Sandinista officials suggest that interest in the Hasenfus case will be kept alive through the possibility of a pardon. The officials said the possibile pardon for Eugene Hasenfus would be held out as a political bargaining chip until the appropriate moment. The American flier was convicted of terrorism and related crimes Saturday and sentenced to 30 years in a Nicaraguan prison.
``Once the judicial stage of this political case is over with, then we will decide what we will do with Mr. Hasenfus,'' said Rene Nunez, minister of the presidency, just hours before the sentencing.
Both President Daniel Ortega Saavedra and Minister Nunez said Saturday that a Hasenfus pardon could not be ruled out.
``The Hasenfus case is primarily a political case, and we are politicians. The Sandinista party has always been pragmatic and has looked for solutions that would benefit the political strategy of the revolution.

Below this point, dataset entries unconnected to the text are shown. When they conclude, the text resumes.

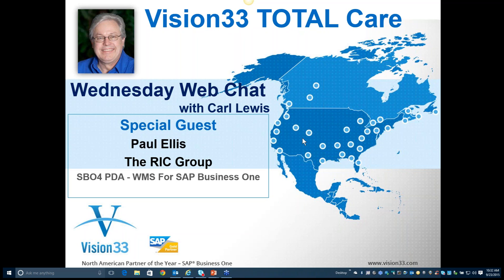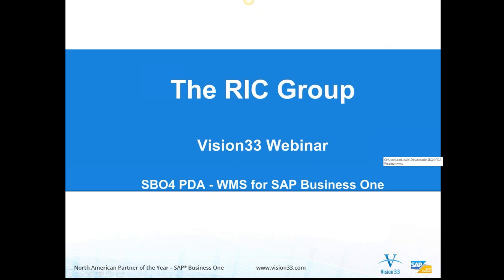Good morning and welcome to this week's edition of Wednesday Web Chat. This is Carl Lewis, your host from Vision 33 Total Care. This week we'll be listening to Paul Ellis of the RIC Group in Australia, talking about the WMS portion of their add-on, SBO for PDA. Let's begin by talking about the RIC Group and their WMS for SAP Business One.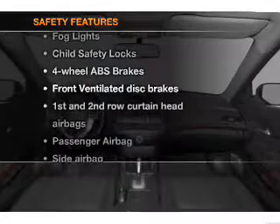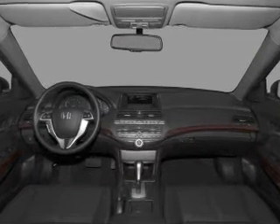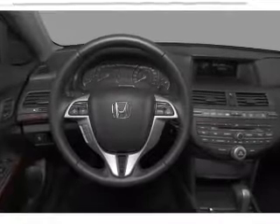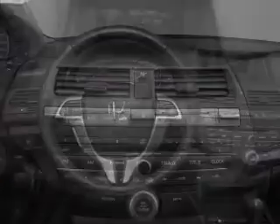And for your peace of mind, the following safety equipment is included: front ventilated disc brakes, passenger airbag, side airbag, curtain head airbags, stability control, and daytime running lights.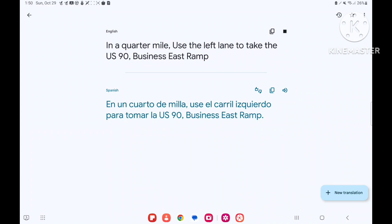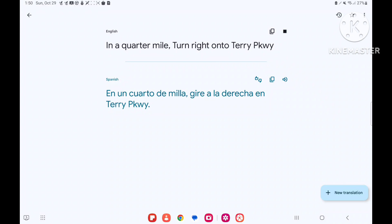In a quarter-mile, use the left lane to take the US 90 Business East Ramp. In a quarter-mile, turn right onto Terry Parkway.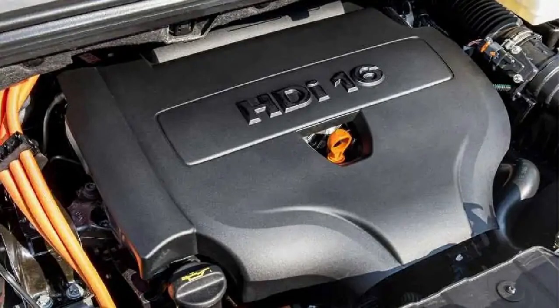The second engine in PSA's DV family, introduced in 2003, was the DV6, which first appeared under the hood of the Peugeot 206 1.6-liter HDI. Derived from the DV4 and borrowing components such as the intake assembly, fuel supply system, and water circulation system, the DV6 had a bore of 75 millimeters and a stroke of 88.3 millimeters for a total displacement of 1,560 cubic centimeters.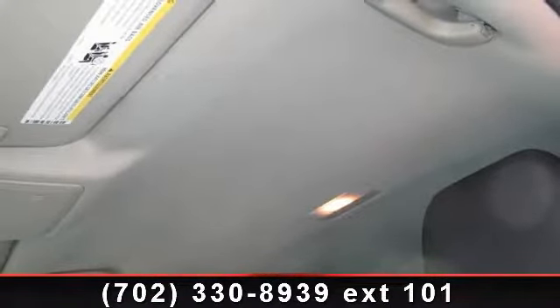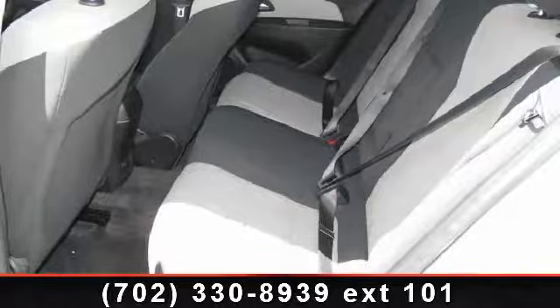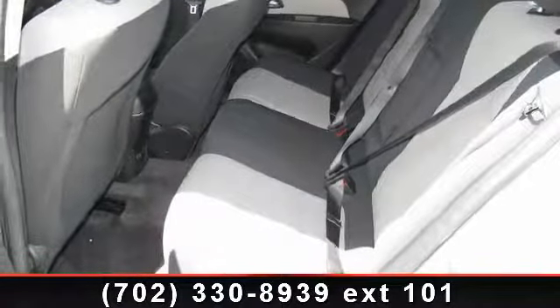And auxiliary audio input. Let us put you in the driver's seat today. Call or click to schedule a test drive.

We are examining the Hasenfus case from an overall political perspective, and at the appropriate moment there will be a political response,'' Nunez said.
Nunez declined to specify what would constitute ``the apppropriate moment,'' but he hinted at the possibility of an exchange of prisoners with the contra rebels fighting the Nicaraguan government.
At the end of the four-week trial in which defense efforts were outweighed by the evidence and by Hasenfus's confession - in which he admitted to participating in 10 supply flights into Nicaragua from the Ilopango Air Force base in El Salvador - defense attorney Enrique Sotelo Borgen called the trial ``a terrible injustice.''
``It was a political trial, not a judicial trial, and if they give him a pardon, it will be because it suits the political strategy of the Sandinistas,'' Mr. Sotelo said.
Mr. Hasenfus had told reporters here, ``They [Sandinista officials] told me there was a big light at the end of the tunnel, and if I wanted to see that light, I should just keep talking.''
Hasenfus's statement, plus President Ortega's statement suggesting that Hasenfus might be treated leniently as ``a victim of [President] Reagan's policy,'' led to speculation of an early pardon and release. But this now seems remote.
Diplomats here speculate that perhaps Hasenfus did not keep talking to the Sandinistas' satisfaction. In his confession, Hasenfus said that the two directors of the contra supply operation were working for the United States Central Intelligence Agency. Before the trial began, he amended the confession to say that he had based this statement on hearsay from the plane's pilot who died when the aircraft was hit Oct. 5 by a surface-to-air missile over southern Nicaragua.
In his testimony, Hasenfus also said he did not realize that the identification card issued to him by the Salvadorean Air Force identified him as a US adviser. Before reading the sentence Saturday, the president of the Anti-Somocista People's Tribunals said it was the court's opinion that Hasenfus had deliberately lied about the identification card to obscure his links to the US government.
Mr. Hasenfus will seek an appeal on the case as well as a pardon from the government.